Nel suo articolo pubblicato su Taylor & Francis Online, la ricercatrice Sari M. Van Anders — già nota per teorie controverse — propone una riflessione insolita: secondo lei, il linguaggio medico usato per descrivere i fluidi vaginali rinforzerebbe stereotipi di genere e potrebbe influenzare negativamente la percezione della salute femminile. Le parole incriminate? “Muco” e “perdite” (mucous e discharge in inglese), termini ritenuti “abietti” e patologizzanti.
L’autrice si spinge oltre: suggerisce di ridefinire anche la terminologia usata per i fluidi maschili, proponendo in modo provocatorio espressioni come “penile mucous” per riferirsi al seme.

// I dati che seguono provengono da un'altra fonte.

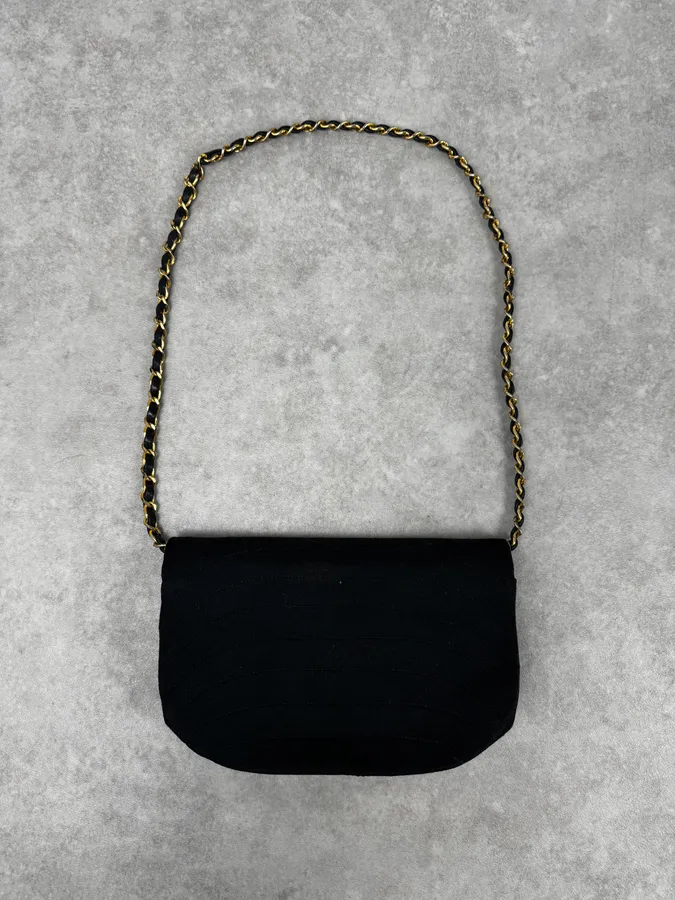 2000s Chanel Black Classic Half Moon Crossbody Bag - Image 4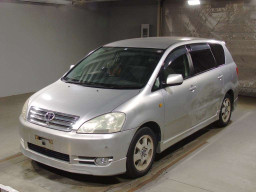 2002 Toyota Ipsum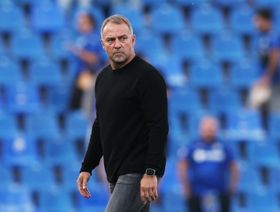 المدرب هانزي فليك قريب من تمديد عقده برشلونة حتى 2028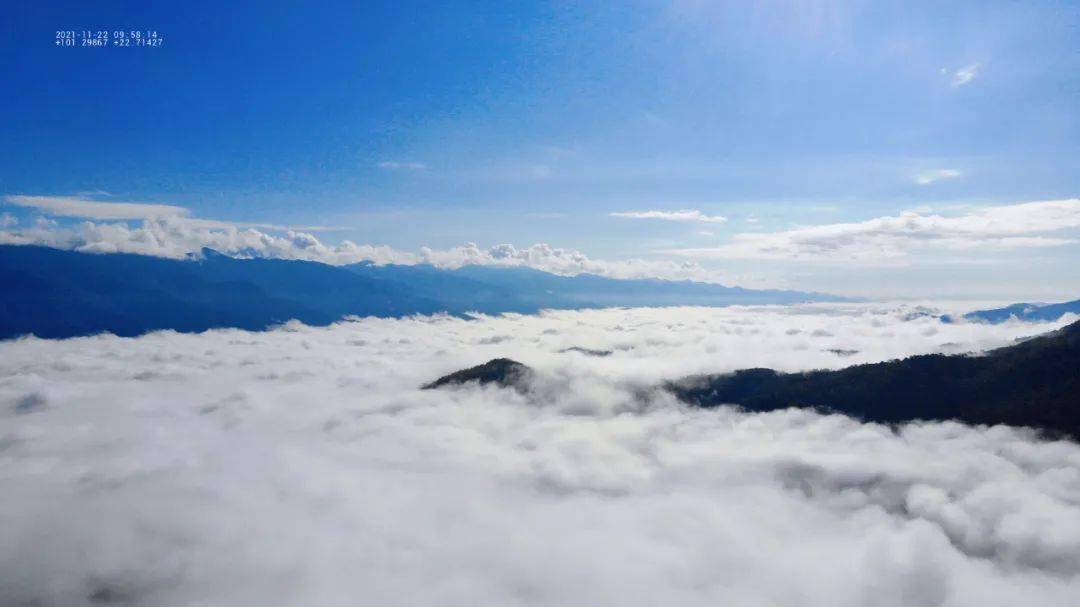 美景倚象云海席卷而来快来一起漫步云端吧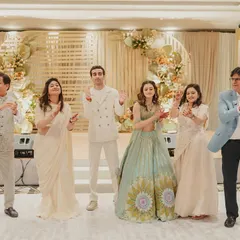The whole family on the dance floor. These are the moments of shared joy that everyone will remember long after the wedding is over.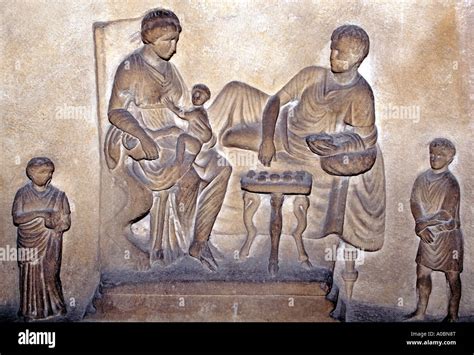 Relief Echnatons mit seiner Familie im Sonnenlicht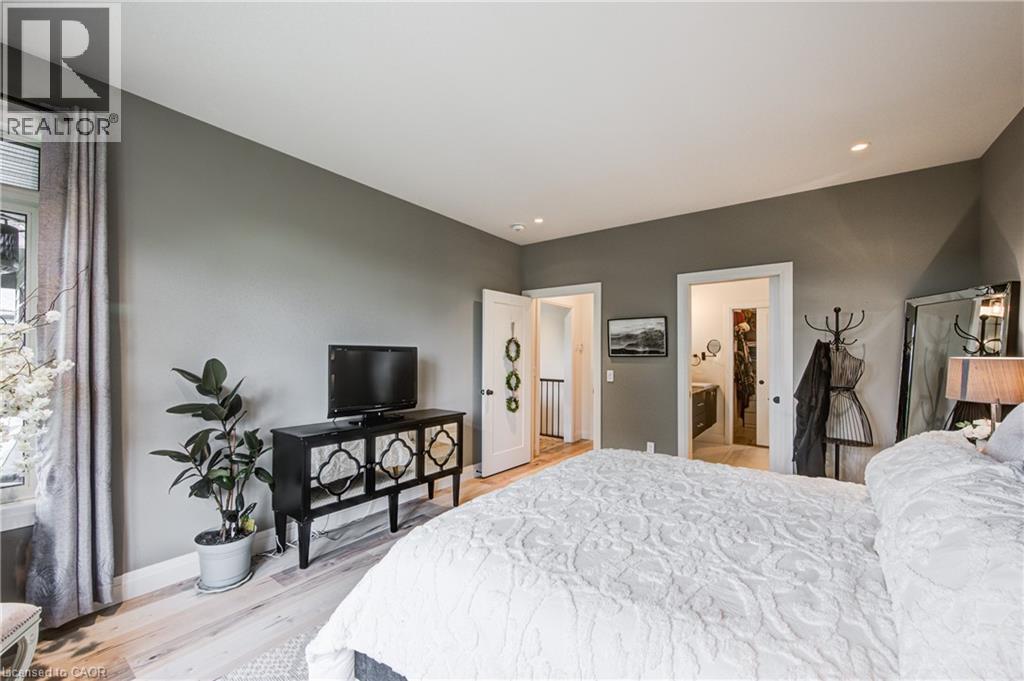 27 RIDGEWOOD Crescent - 25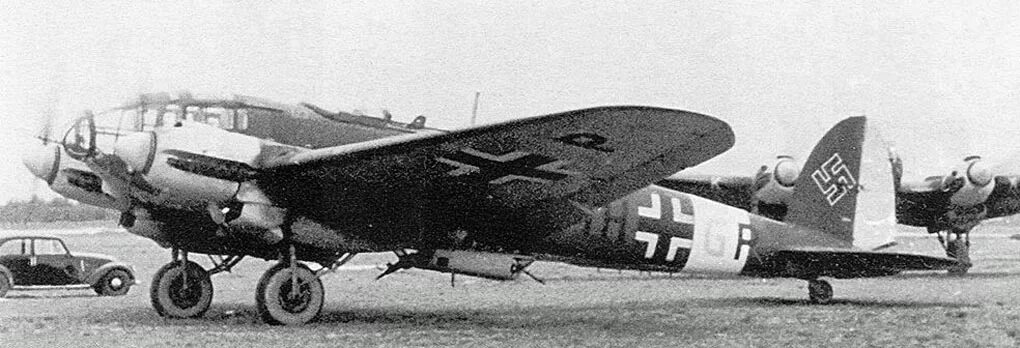 Heinkel he 111 бомбардировщик. Люфтваффе самолет henkel 111. Немецкий самолет хейнкель 111. Kg 26. Самолет хейнкель 111.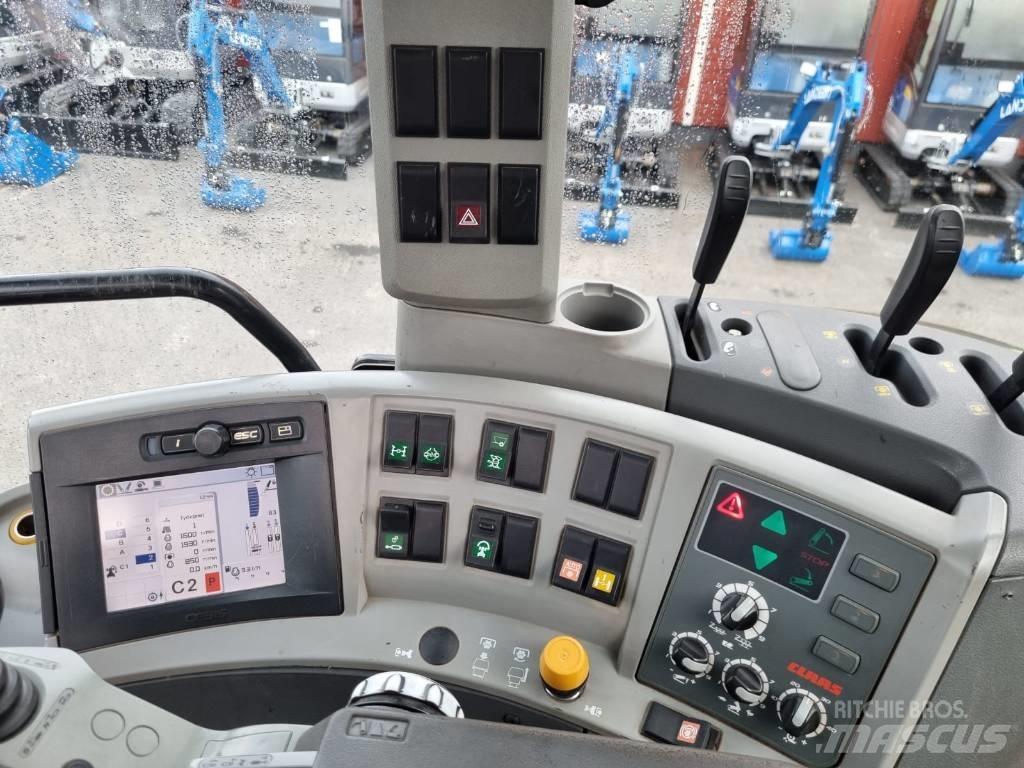 CLAAS 820 Axion Traktoren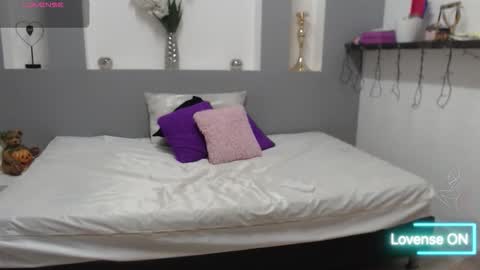 Karolyne online show from 01.07.26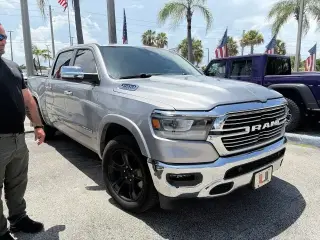 Ram 1500 2021 4x4 Laramie 4dr Crew Cab 5.6 ft. SB Pickup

Il tutto per dimostrare che la neutralità nel linguaggio scientifico non esisterebbe, ma sarebbe pervasa da influenze socio-culturali.
Come immagino tu stia già pensando è una marea di idee confuse e campate per aria, ma spiego comunque il perché:
💬 Precisione clinica e i termini per gli uomini
Chi lo ha detto che i termini usati con gli uomini siano più eleganti, non patologizzanti e sessisti?
Lo dicono loro, ma non è vero. Qui arriva il cortocircuito. Il linguaggio medico si fonda sulla chiarezza scientifica, non sull’estetica verbale.
E faccio pure degli esempi:
“Smegma” è un termine tutt’altro che poetico e si riferisce alle secrezioni del pene. E' usato anche per quelle vaginali, trasversalità che ha da sola demolito l'intero castello di carte su cui si reggeva l'accusa di sessismo nei termini medici dello "studio".
Le secrezioni maschili patologiche vengono descritte come “pus” o “secrezioni purulente”. Accostare il seme, normale funzione fisiologica e funzionamento del corpo, a escrezioni derivanti da infezioni o irritazioni non solo è sbagliato, ma è una deformazione ideologica a scopo propagandistico.
Dove sarebbe, allora, il privilegio terminologico maschile? Le parole sono dirette, forse spiacevoli, ma funzionali alla diagnosi.
📚 Quando i gender studies perdono l’orientamento
A dire il vero direi che l'orientamento non lo hanno mai avuto, ma concentriamoci su questo caso particolare. Analizzare il linguaggio è importante, ma l’approccio dello studio sembra più ideologico che metodologico. Non si mette in discussione la nomenclatura nel suo insieme, ma solo quella relativa al corpo femminile — tralasciando volutamente le equivalenze maschili.
Questo tipo di selettività è il classico modus operandi dell'estremismo "progressista" moderno: si concentrano su tutto quello che potrebbe essere lontanamente problematico per la donna, si negano tassativamente le similarità o parallelismi della controparte e si parte a strillare al sessismo.
Fra un po' uscirà uno studio che afferma che se le zanzare pungono le donne è colpa del "maschio bianco". Del resto sono arrivati a definire la menopausa "colpa degli uomini"...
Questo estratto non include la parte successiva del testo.